Myocardial fibrosis is a common pathological companion of various cardiovascular diseases. To date, the role of enhancer of zeste homolog 2 (EZH2) in cancer has been well demonstrated including in renal carcinoma and its inhibitors have entered the stage of phase I/II clinical trials. However, the precise mechanism of EZH2 in cardiac diseases is largely unclear. In the current study, we first found that EZH2 expression was increased in Ang-II-treated cardiac fibroblasts (CFs) and mouse heart homogenates following isoproterenol (ISO) administration for 21 days, respectively. Ang-II induces CFs activation and increased collagen-I, collagen-III, α-SMA, EZH2, and trimethylates lysine 27 on histone 3 (H3K27me3) expressions can be reversed by EZH2 inhibitor (GSK126) and EZH2 siRNA. The ISO-induced cardiac hypertrophy, and fibrosis in vivo which were also related to the upregulation of EZH2 and its downstream target, H3K27me3, could be recovered by GSK126. Furthermore, the upregulation of EZH2 induces the decrease of paired box 6 (PAX6) and C-X-C motif ligand 10 (CXCL10) "which" were also reversed by GSK126 treatment. In summary, the present evidence strongly suggests that GSK126 could be a therapeutic intervention, blunting the development and progression of myocardial fibrosis in an EZH2-PAX6-CXCL10-dependent manner.

中文翻译：

---

GSK126 是一种表观遗传调节因子 EZH2 的抑制剂，通过调节 EZH2-PAX6-CXCL10 通路抑制心脏纤维化。

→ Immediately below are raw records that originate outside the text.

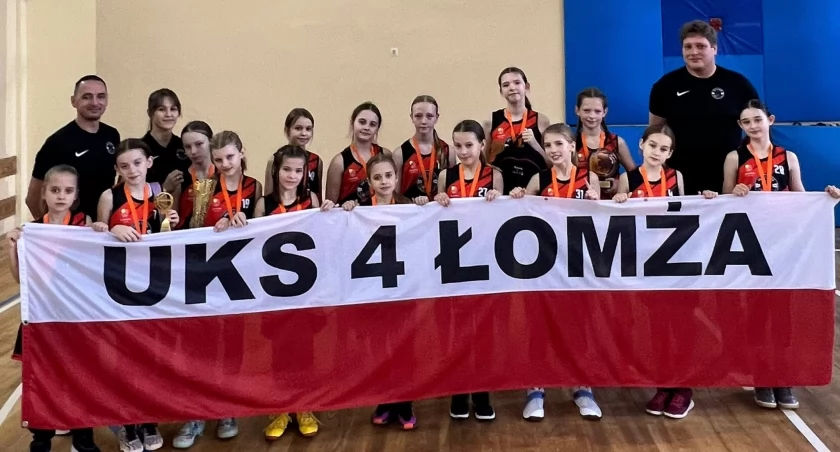 Złoto wraca do Łomży! UKS 4 Łomża z triumfem!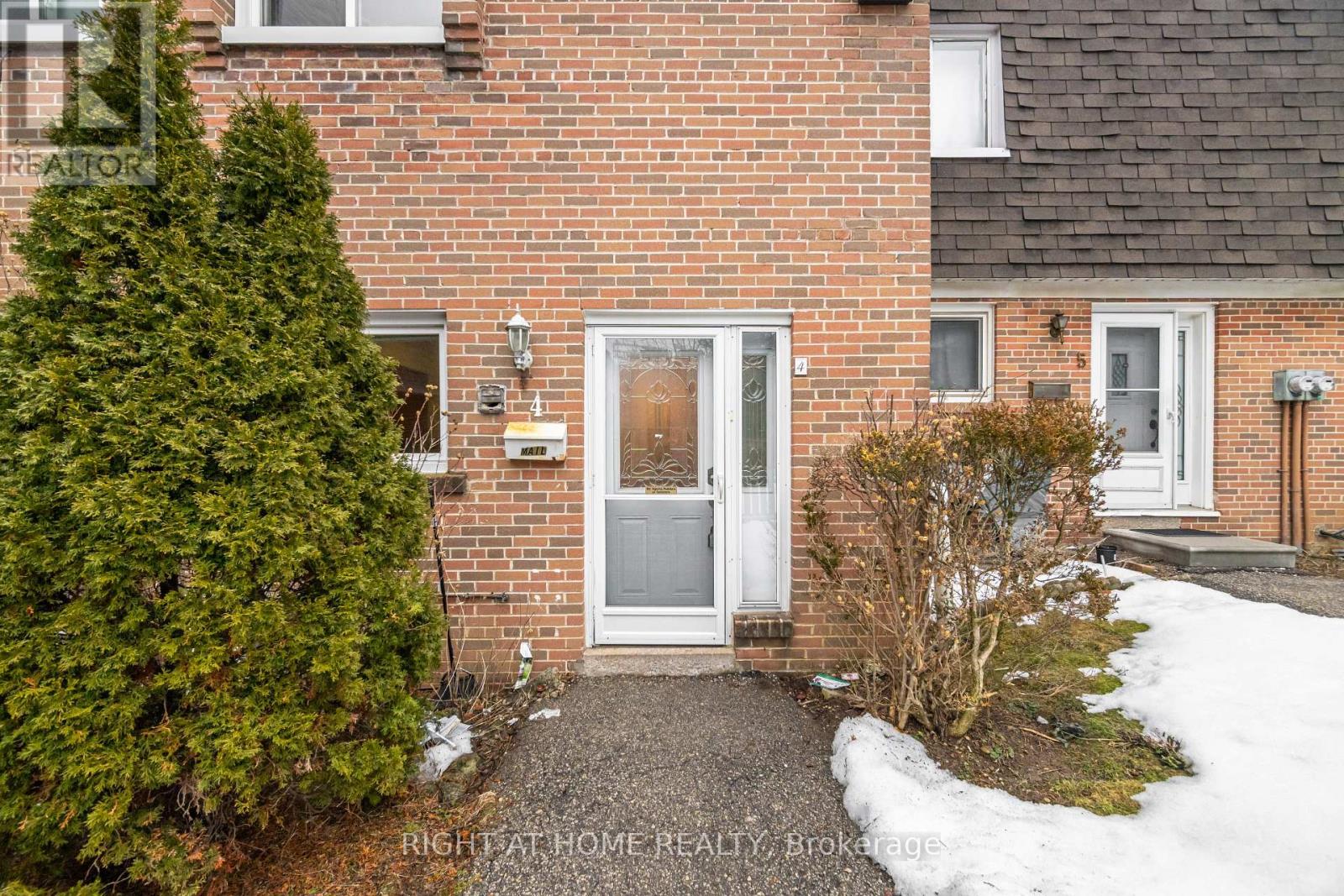 #4 415 SILVERSTONE DRIVE - 1
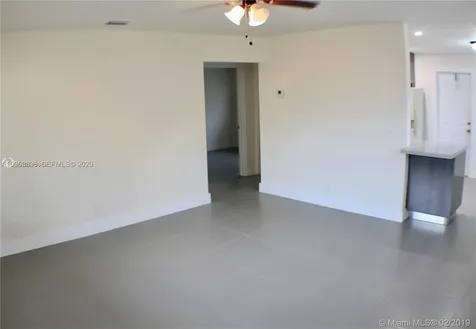 719 SW 7th Street Hallandale Beach FL 33009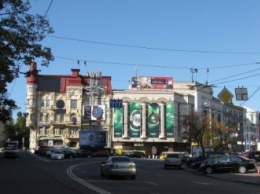 Киевляне не захотели переименовывать площадь Льва Толстого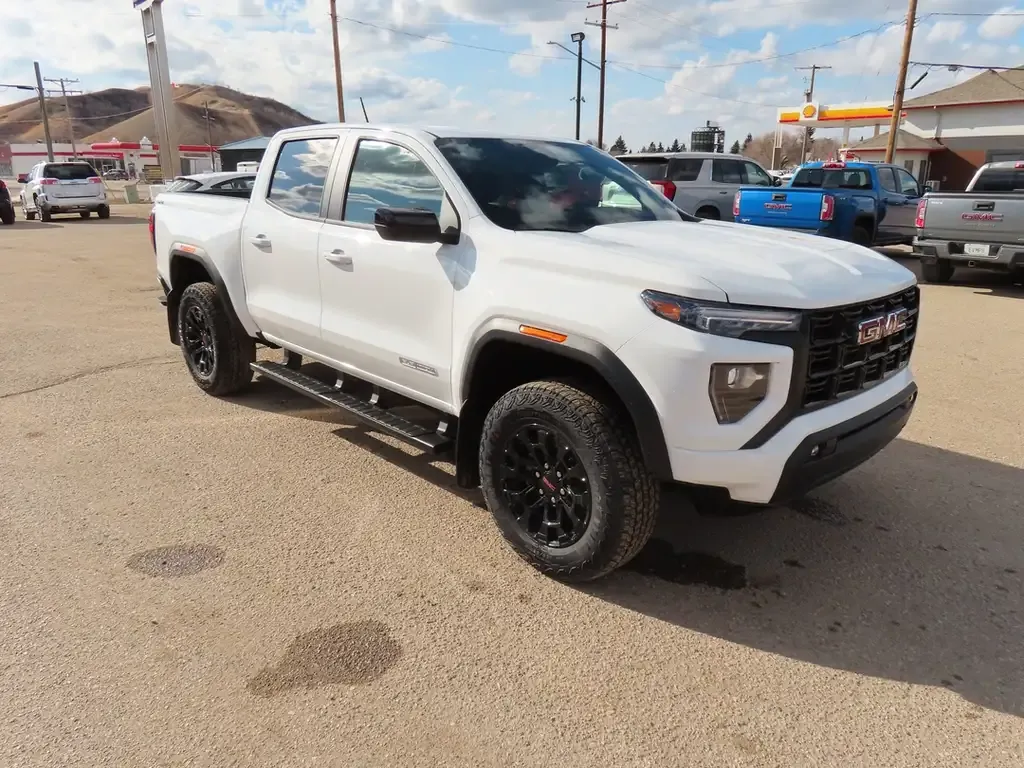 GMC Canyon 2026 photo 2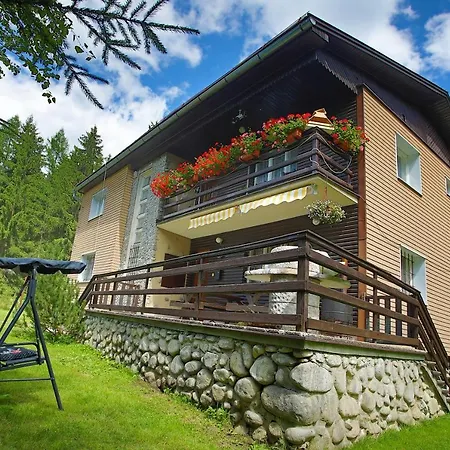 بيت خشبي Horska Ziaranka Liptovský Mikuláš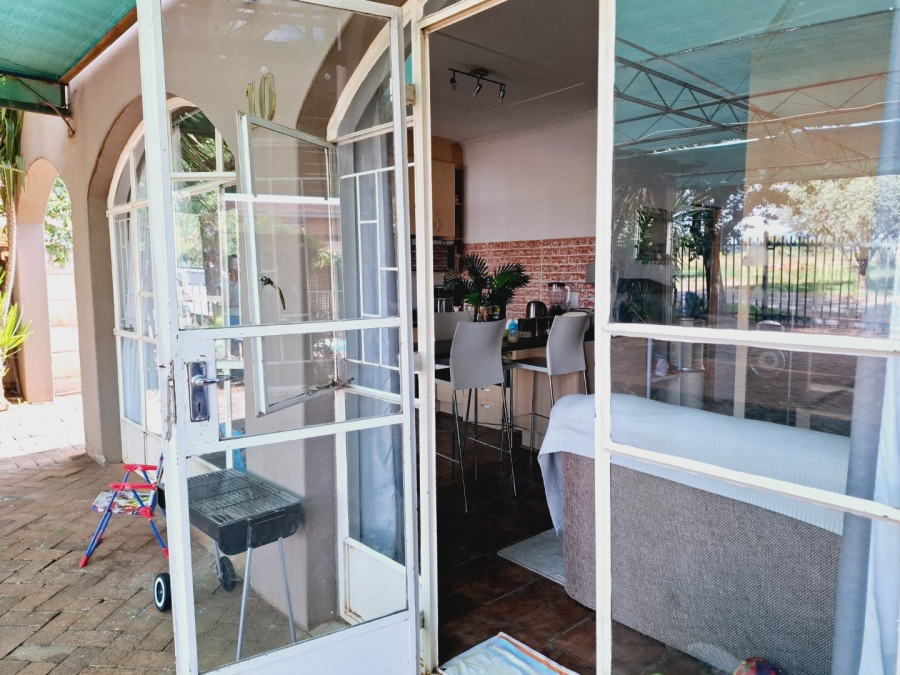 5 Bedroom Property for Sale in Fichardt Park Free State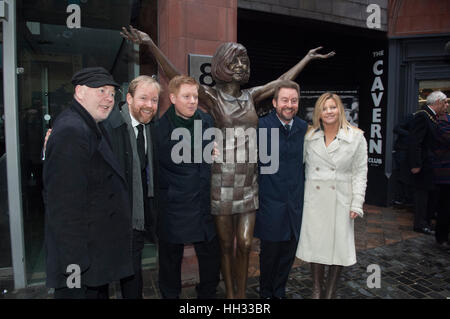 Liverpool, Royaume-Uni. 16 janvier 2017. Jack, Ben et Robert Willis, fils du défunt star, Cilla Black, de concert avec les artistes, Emma Rodgers et Andy Edwards, assister à l'inauguration d'une sculpture en bronze de la chanteuse de Liverpool et star en dehors de la Cavern Club dans la région de Matthew Street, Liverpool. Coïncidant avec le 60e anniversaire du Cavern Club, la statue a été commandée par ses trois fils, Robert, Ben et Jack Willis, et créés par des artistes Emma Rodgers et Andy Edwards, la statue a été donné à la ville de Liverpool. © Paul Warburton Banque D'Images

心肌纤维化是各种心血管疾病的共同病理伴侣。目前，zeste homolog 2 (EZH2)增强子在包括肾癌在内的癌症中的作用已得到充分证实，其抑制剂已进入I/II期临床试验阶段。然而，EZH2 在心脏病中的确切机制在很大程度上尚不清楚。在当前的研究中，我们首先发现在异丙肾上腺素 (ISO) 给药 21 天后，Ang-II 处理的心脏成纤维细胞 (CF) 和小鼠心脏匀浆中的 EZH2 表达分别增加。Ang-II 诱导 CFs 激活和增加的胶原蛋白-I、胶原蛋白-III、α-SMA、EZH2 和组蛋白 3 (H3K27me3) 表达上的三甲基化赖氨酸 27 可以被 EZH2 抑制剂 (GSK126) 和 EZH2 siRNA 逆转。ISO诱导的心肌肥大，和体内纤维化也与 EZH2 及其下游靶标 H3K27me3 的上调有关，可以通过 GSK126 恢复。此外，EZH2 的上调诱导配对盒 6 (PAX6) 和 CXC 基序配体 10 (CXCL10) 的减少，“这些”也被 GSK126 处理逆转。总之，目前的证据强烈表明 GSK126 可能是一种治疗干预措施，以 EZH2-PAX6-CXCL10 依赖性方式减缓心肌纤维化的发展和进展。